(Material for the task)
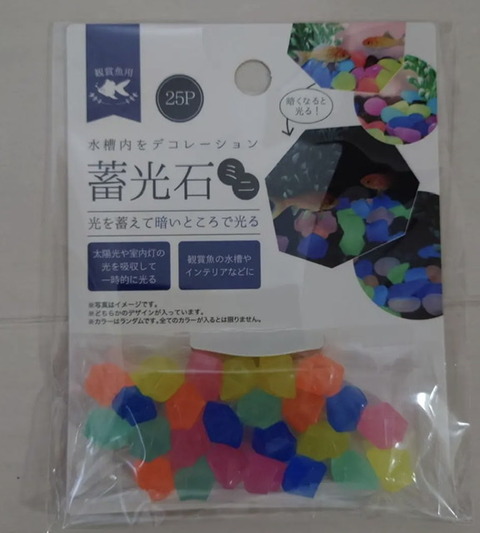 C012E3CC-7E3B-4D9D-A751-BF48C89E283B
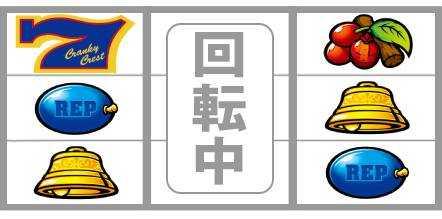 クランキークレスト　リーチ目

* * *

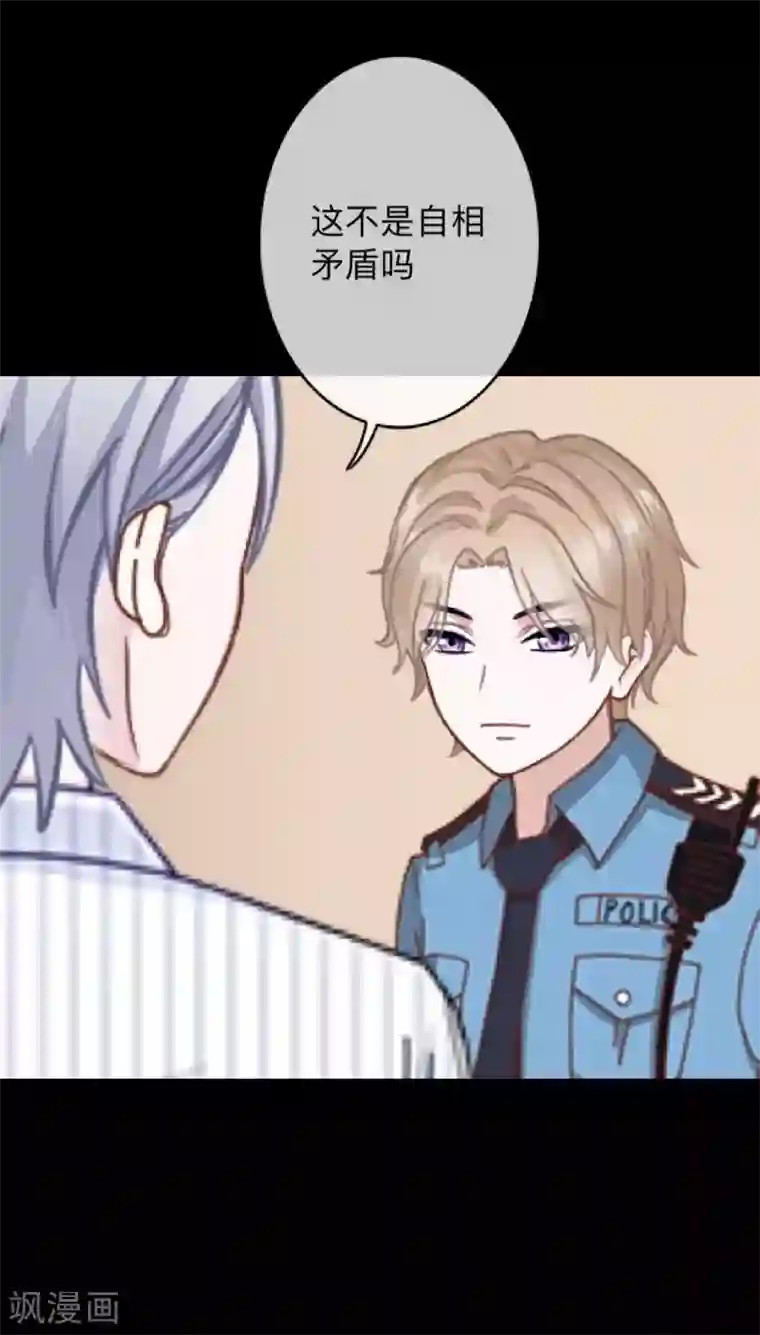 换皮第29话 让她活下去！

(What the exercise asks) A word-for-word reproduction is needed of the lines above from the line containing "C012E3CC-7E3B-4D9D-A751-BF48C89E283B" through the line containing "クランキークレスト　リーチ目", with both ends kept and no pictures.

(Task result)
 C012E3CC-7E3B-4D9D-A751-BF48C89E283B
 クランキークレスト　リーチ目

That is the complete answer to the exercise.